Lambert Mende Omalange, député national de la République Démocratique du Congo/ photo tiers

Le député national Lambert Mende Omalanga s’insurge contre le projet de remplacer l’Otetela par le Lingala comme langue d’apprentissage au Sankuru au ministère de l’EPST.

C’est au cours d’un point de presse tenu ce lundi 15 février, qu’il a fustigé le fait que le lingala ait été choisi et plusieurs manuels à cette fin ont été rédigés en lingala alors que l’Otetela a été utilisé dans l’enseignement fondamental depuis toujours sur toute l’étendue de cette région sans problème d’aucune sorte.

« La grande majorité des ressortissants du Sankuru considère cette initiative financée par la Banque Mondiale comme une agression culturelle. » a-t-il affirmé.

L’élu du Sankuru précise que « nous n’avons strictement rien contre le lingala, mais nous nous mobilisons pour le maintien de l’Otetela comme langue de Premier apprentissage de nos enfants dans le primaire parce que nous ne voulons pas disparaître comme peuple. Cela n’aurait aucun sens. » a-t-il poursuivi.

Dans sa démarche, il estime qu’il y a eu négligence coupable auprès de la Banque mondiale dans son financement à ce projet.

« Je pense que les responsabilités sont partagées. La Banque mondiale qui est représentée en RDC a le devoir de peaufiner le programme qu’elle finance. Et une institution comme elle, ne nous a pas habitué à des choses si superficielles. Généralement, il pénètre les dossiers au fond, dans les détails parce qu’ils veulent savoir à quoi leur argent va être utilisé. » renseigne Lambert Mende.

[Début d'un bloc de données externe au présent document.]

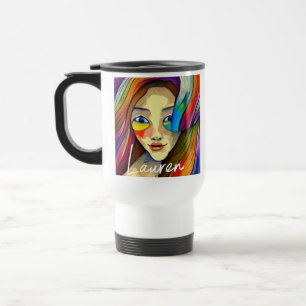 Personalised Colourful Abstract Art Pretty Girl Travel Mug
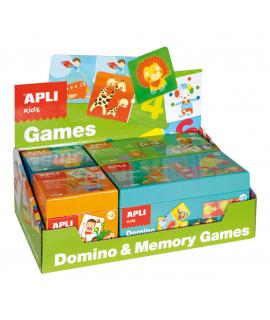Apli Juegos de Memoria y Domino - 2 Juegos de Memory (Disfraces y Animales) - 2 Juegos de Domino (Numeros y Transportes) -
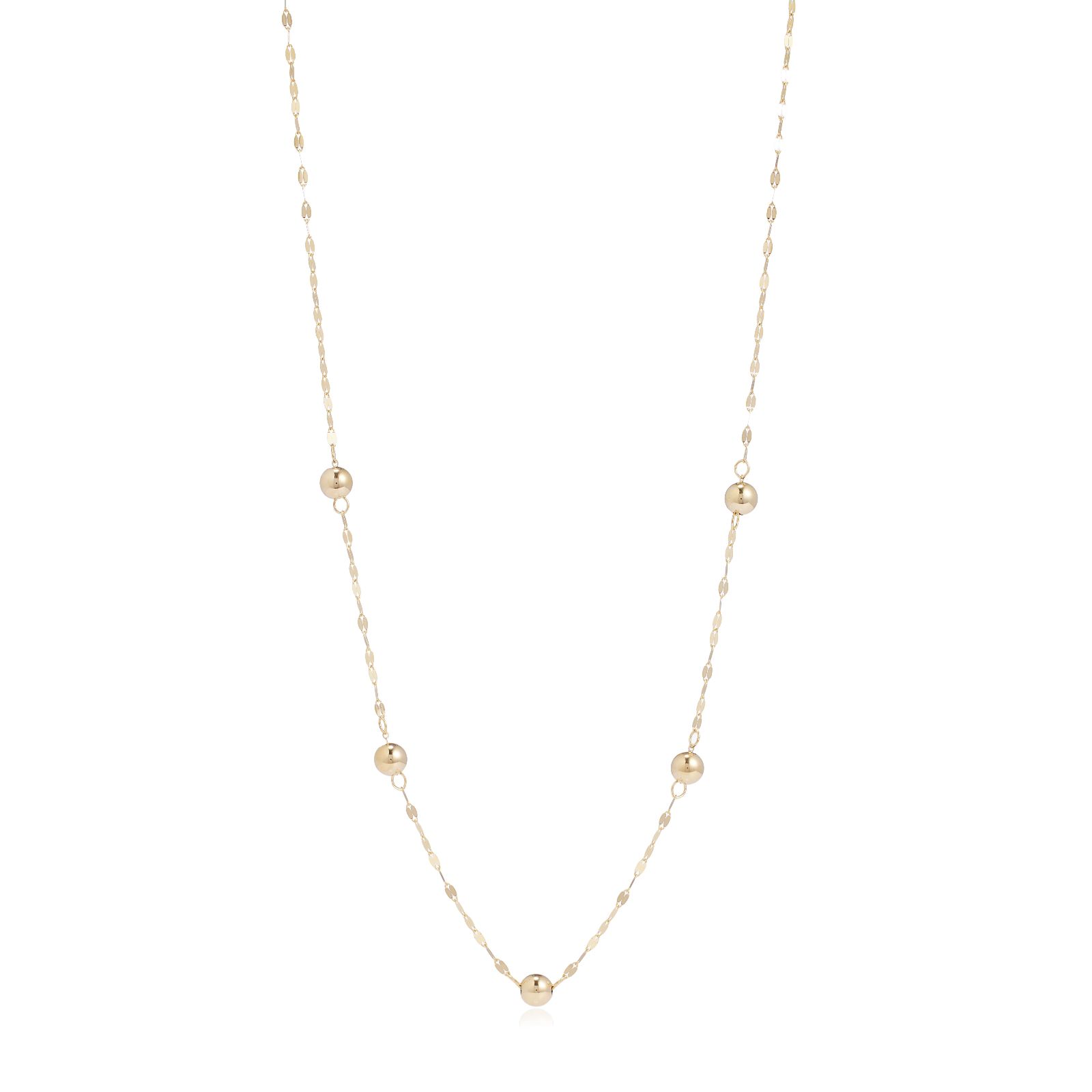 GOLD 14ct Italian Gold Bead Station Necklace 1.23g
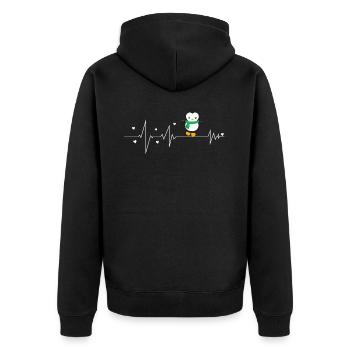 Pinguin herzschlag - Unisex Premium Bio Zip Hoodie - Schwarz - Hinten - Nico (187cm)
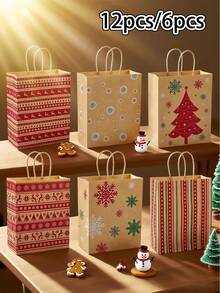 12个/6个带手柄的圣诞礼品袋，六种款式的圣诞牛皮纸袋，圣诞礼品袋，牛皮纸节日包装袋，圣诞驯鹿礼品袋，圣诞树礼品袋，雪花礼品袋，带有圣诞图案，新年礼品袋，适用于节日派对小礼物和圣诞礼盒包装，派对礼品袋 - 彩色 - 查看 1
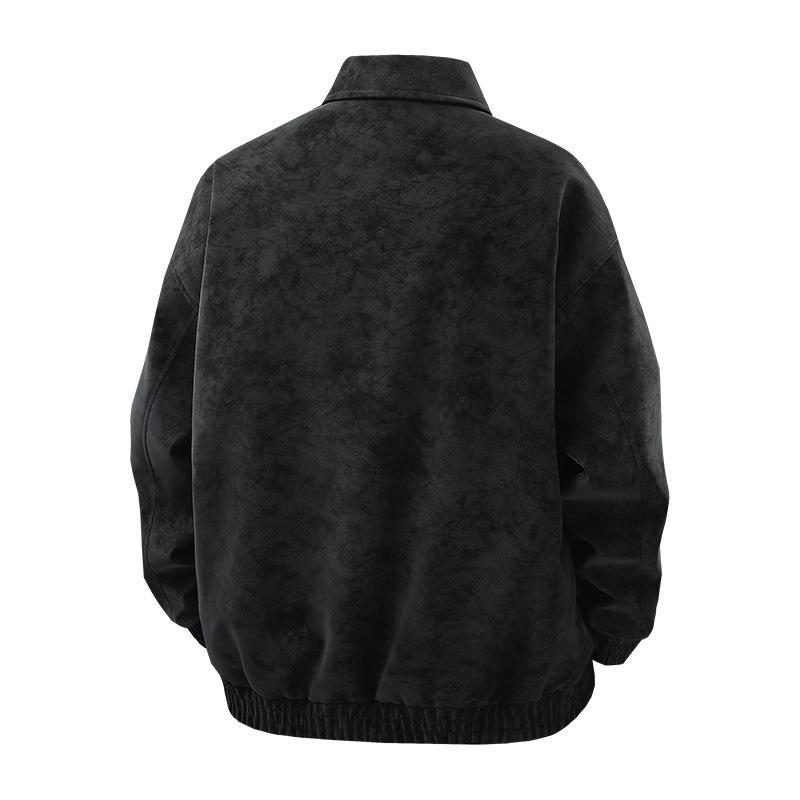 Solid Color American Retro Leather Jacket for Men Motorcycle New Leather Jacket for Men PU Jacket for Spring and Autumn Loose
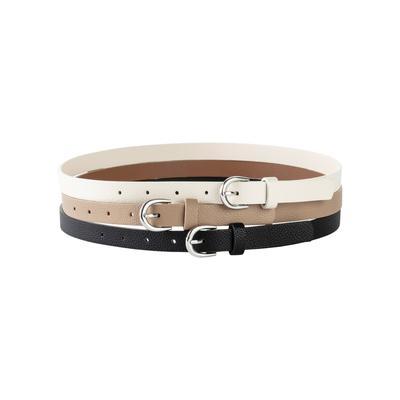 Hüftgürtel BONPRIX "Gürtel (3er Pack)", Damen, Gr. 100, beige (mandelbeige, cremeweiß, schwarz), Lederimitat, mehrfarbig, Gürtel Hüftgürtel, aus Polyurethan in Lederoptik, bequeme Passform, casual Stil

Et de poursuivre, « pourquoi cette respectable institution dont connaît le soin à bien préparer ses interventions aux quartes coins du globe se permet de sponsoriser avec autant de légèreté cette imposition de l’apprentissage forcé du lingala dans l’enseignement fondamental dans la province entièrement Tetelaphone du Sankuru sans consulter ni associer les populations bénéficiaires dans la conception et la mise en œuvre d’un tel programme ? » s’interroge-t-il.

Ainsi, Lambert Mende fait savoir que cette initiative risque de dresser la population de cette province contre le président Félix Tshisekedi. « l’opportunité d’un tel projet en ce moment précis mérite aussi d’être questionnée. . » a-t-il dit.

Pour se faire, il rappelle que les Tetela ont hérité de leurs aïeux un esprit de résistance à toute politique sujétion. C’est ce que reflète l’axiome « Otetela keema fumbe » ( l’Otetela ne peut pas être réduit en esclave). Le Lingala et même une autre langue nationale peuvent être enseignés en option à côté de la langue officielle qu’est le français mais l’Otetela, notre langue maternelle doit demeurer la première langue d’apprentissage des enfants du Sankuru.» a-t-il conclu.